In un certo senso è così. La “flexibility” della luce, intesa anche con questa, forse inedita, interpretazione, è la chiave di lettura di questa collezione... .
Quando lei disegna un prodotto da che cosa parte? Qual è l'aspetto prioritario su cui concentra la sua ricerca?
In questo specifico caso ho dovuto tener conto della natura del luogo e della sua complessità, ma in generale l'attenzione è sempre rivolta, prioritariamente, al contesto in cui si opera o dove il prodotto troverà la sua applicazione: ci deve sempre essere piena sintonia con l’ambiente sia costruito sia naturale. Vede, non si tratta solo di disegnare oggetti, mobili o accessori che possano risultare belli, piacevoli, talvolta anche iconici e audaci per soluzioni formali... per me è importante avere sempre un approccio olistico, per guardare al progetto a 360 gradi, con uno sguardo consapevole e attento verso la storia, la società, l'ambiente e le sue problematiche.
E' la prima volta che partecipa al Salone del Mobile?
No. L’anno scorso abbiamo presentato “Partition”, una collezione di pannelli acustici sviluppati con una tecnologia di isolamento performante che abbiamo studiato in collaborazione con un’azienda austriaca per Wallpaper*Handmade.
Ma in generale sono sempre venuto a Milano come visitatore in cerca di ispirazione. Tuttavia la Design Week di Milano è anche un'importante occasione professionale (e perchè no, un bel momento ricreativo) per tutto il mio team...
Cosa ne pensa della capitale lombarda? Conosce Milano?
Non come meriterebbe, purtroppo. Vengo sempre in occasione del Salone del Mobile e vivo la città con questa particolare atmosfera.

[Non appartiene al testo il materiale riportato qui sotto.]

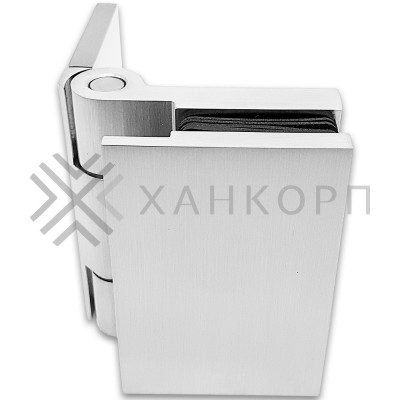 Петля Майя FDP-172 стена-стекло 90˚ открывание внутрь, латунь/матовый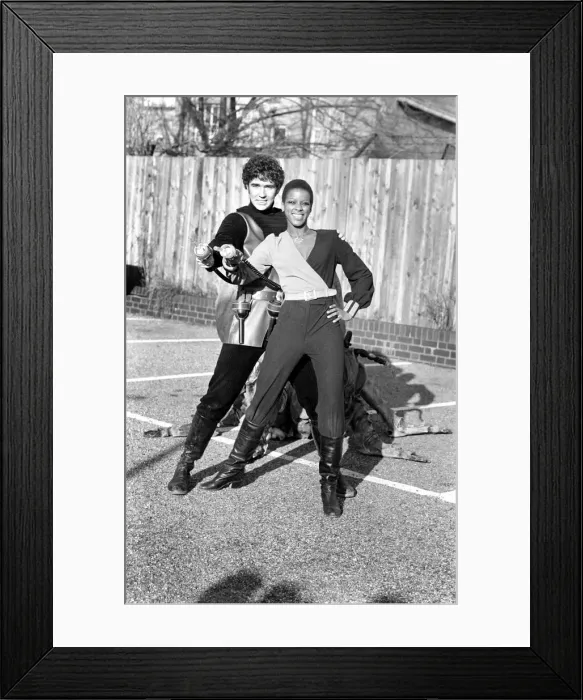Framed Print : Josette Simon and Steven Pacey join the cast of Blakes Seven Framed Print : Josette Simon and Steven Pacey join the cast of Blakes Seven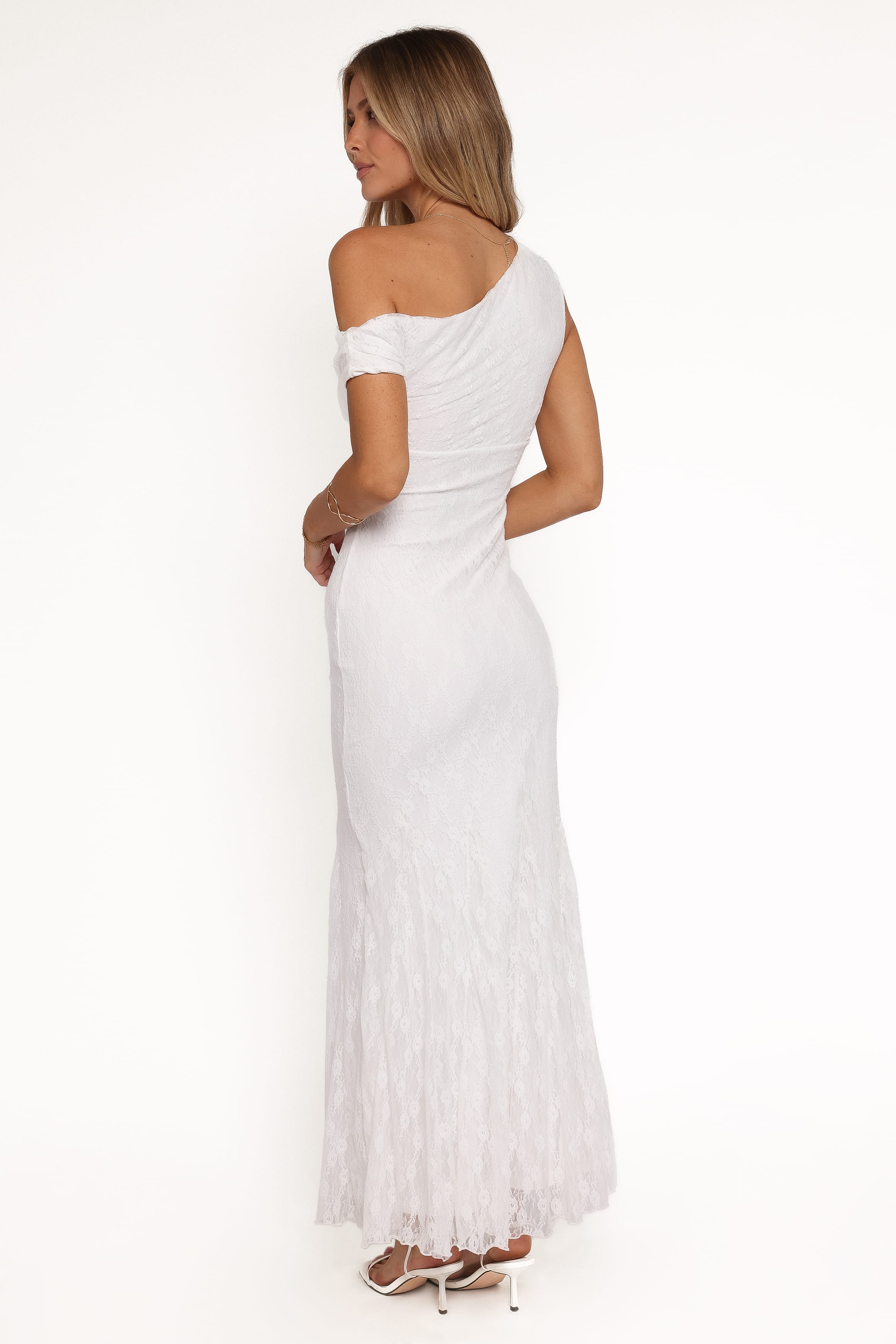 DRESSES Evelon Off Shoulder Maxi Dress - White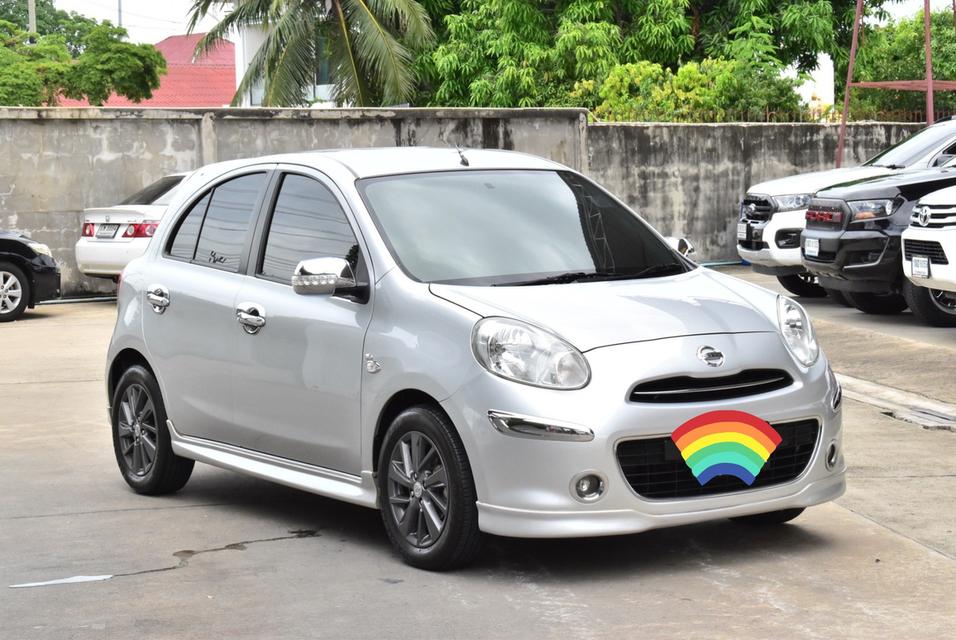 Nissan March 1.2VL CVT รุ่นท็อป 2011 รหัส PBG53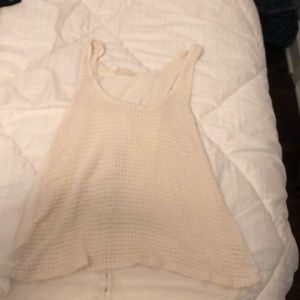 Cream tank top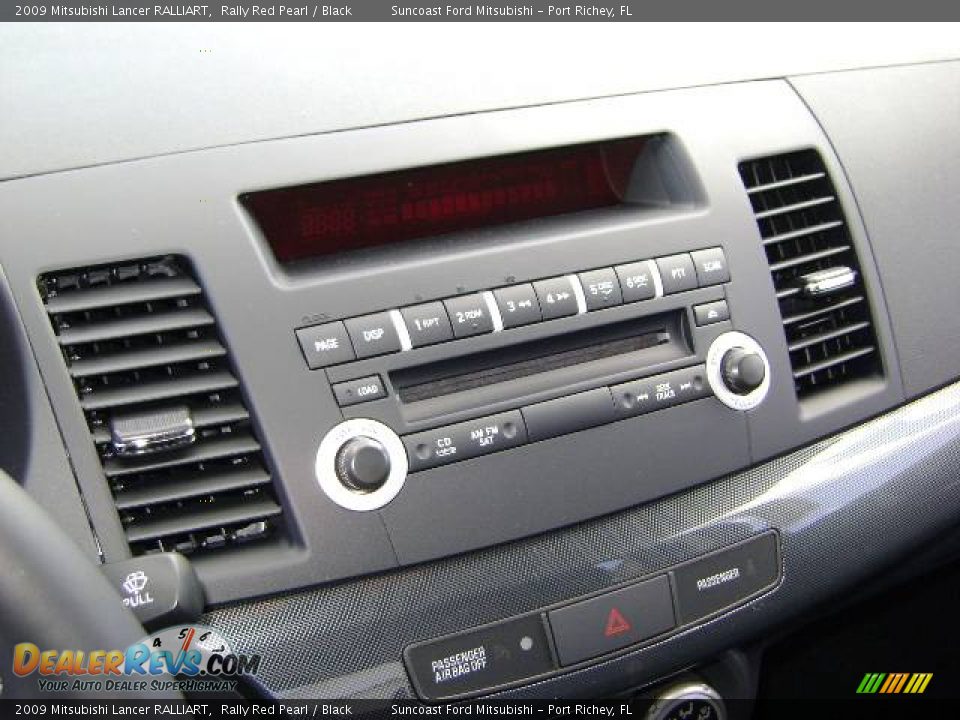2009 Mitsubishi Lancer RALLIART Rally Red Pearl / Black Photo #10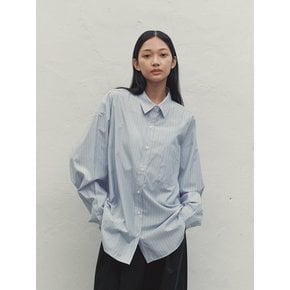 UNISEX OVERSIZED-FIT LOGO SHIRT STRIPE MBDFTO011ST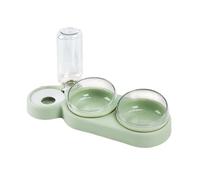 KIXZSAZ Convenient And Stylish DogCat Water Automatic Dispenser With Bottle And Moisture-proof Mouth Partition Rejects Black, Vegetation green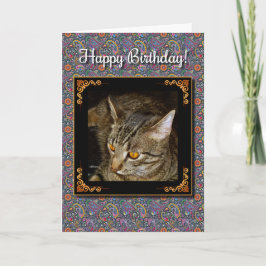 Golden Eyes Birthday Kaart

Ma cerco sempre di integrare gli aspetti professionali con quelli culturali.
Trovo Milano una città stimolante: ci sono moltissime cose da vedere, ammirare e da cui prendere ispirazione. Decisamente è una città meravigliosa! Mi trovo sempre a mio agio...
E cosa ne pensa del design made in Italy? Quali sono i designer italiani che ammira si più?
Difficile dirlo: la qualità è così alta e gli esempi di riferimento sono così numerosi! In Italia, poi, le tracce della storia sono vive, forti, a tal punto che il passato diventa una fonte di ispirazione importante, che non si può ignorare. Ma contemporaneamente ci si ritrova immersi in un presente incredibile, pieno di stimoli: questo accade a Milano.
Finalmente quest’anno ho programmato di visitare la Fondazione Achille Castiglioni: per me il designer milanese è ancora oggi un'inesauribile fonte di ispirazione… E, poi, ho sempre avuto una passione per Piero Portaluppi, per i suoi edifici, i suoi interni. Andrò a vedere anche la sua casa-museo. Insomma, c'è solo l'imbarazzo della scelta!